----- DATASET RECORDS
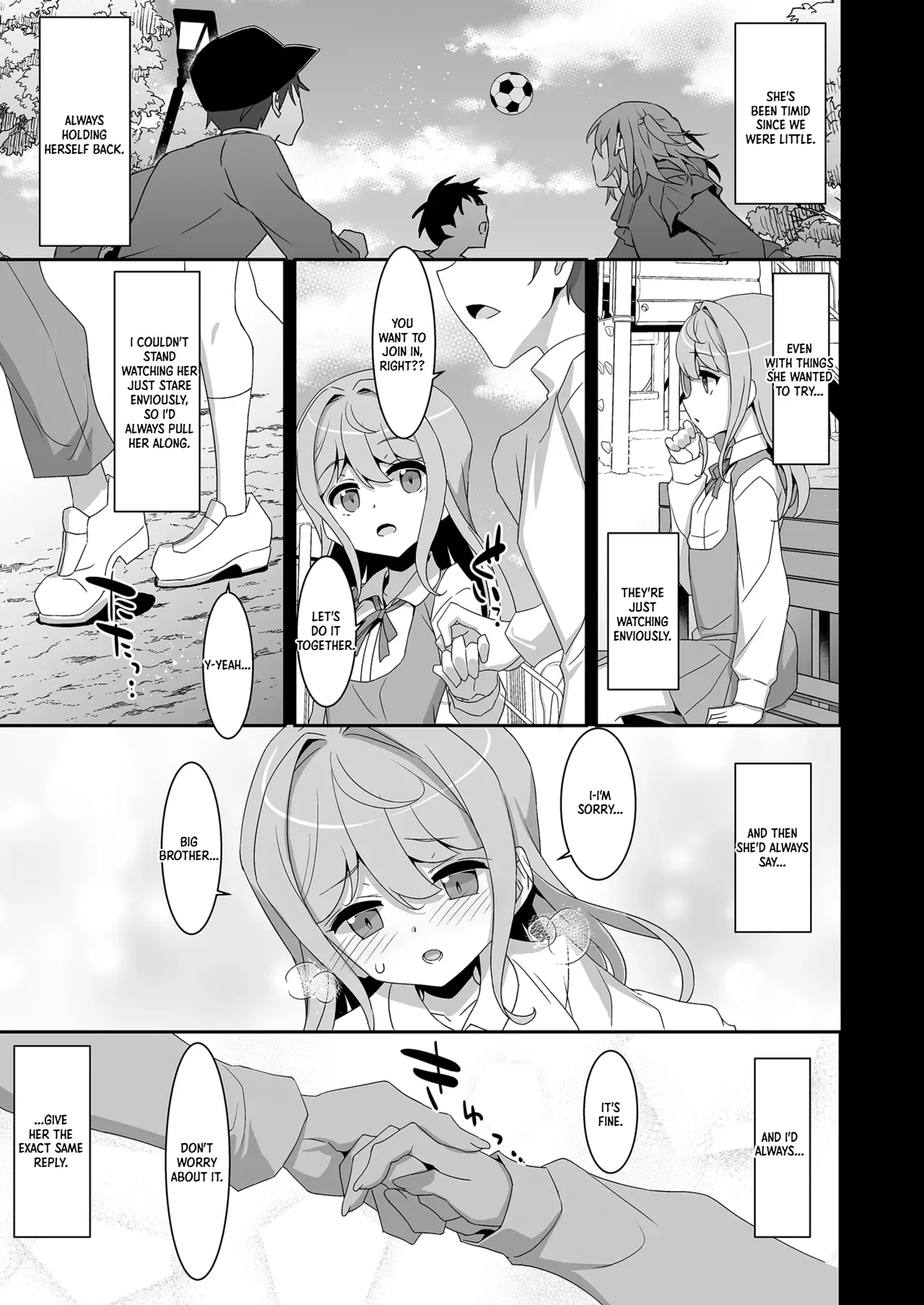 Imouto Succubu page 7 full
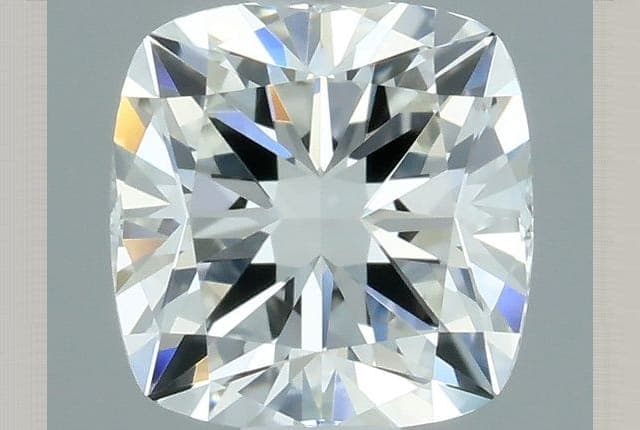 0.41ct | Cushion | H | VVS2 | Ideal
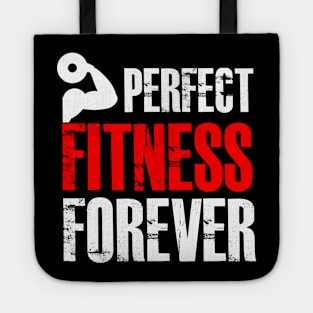 Perfect Fitness Forever Tote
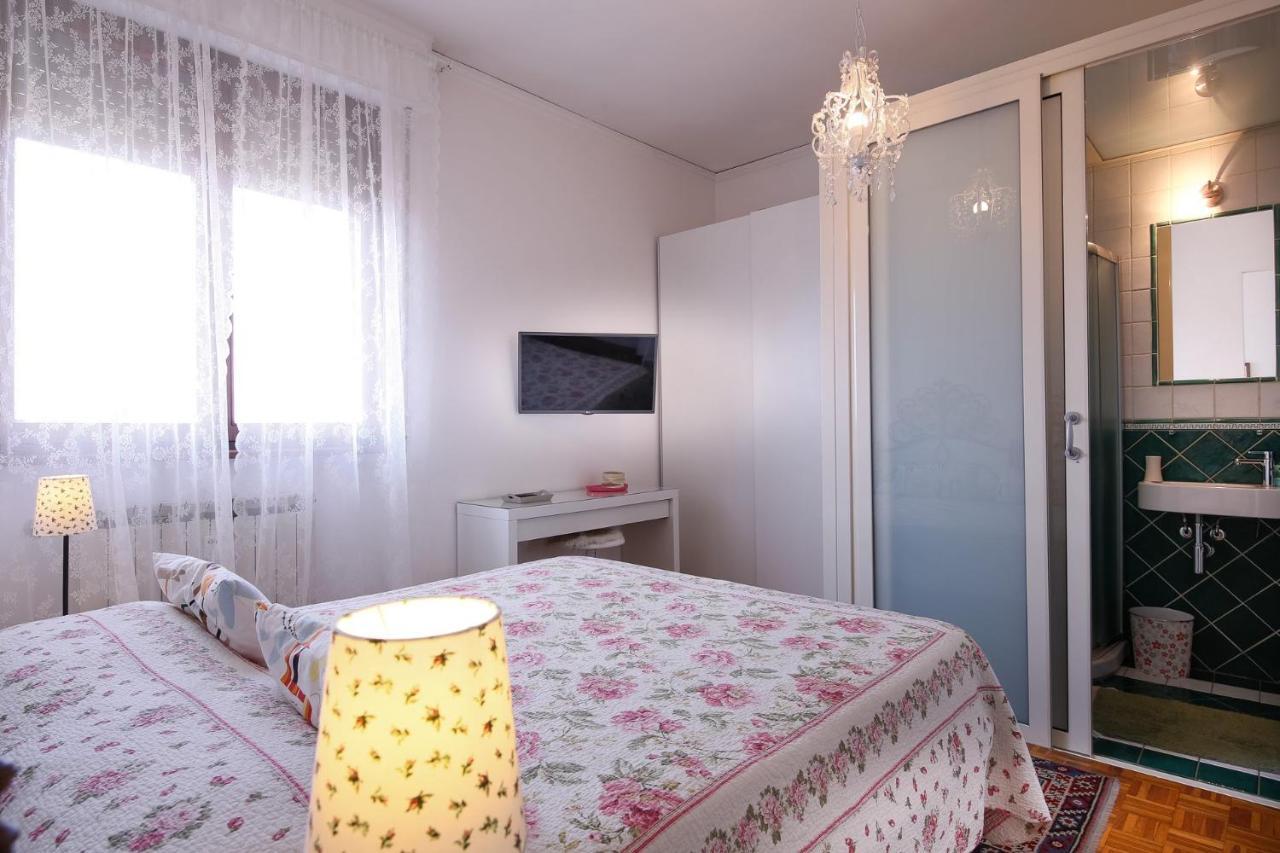 B&B Dei Cavalieri Pisa Luaran gambar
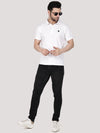 360 Degree Comfort T-shirt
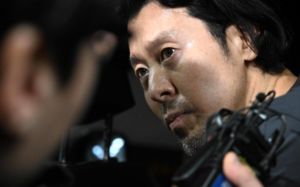 檢, '항공사 기장 살해' 김동환 무기징역 구형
----------
Output the records above exactly; leave out the pictures.

◆ SOLUTION TO THIS EXERCISE:
 Imouto Succubu page 7 full
 0.41ct | Cushion | H | VVS2 | Ideal
 Perfect Fitness Forever Tote
 B&B Dei Cavalieri Pisa Luaran gambar
 360 Degree Comfort T-shirt
 檢, '항공사 기장 살해' 김동환 무기징역 구형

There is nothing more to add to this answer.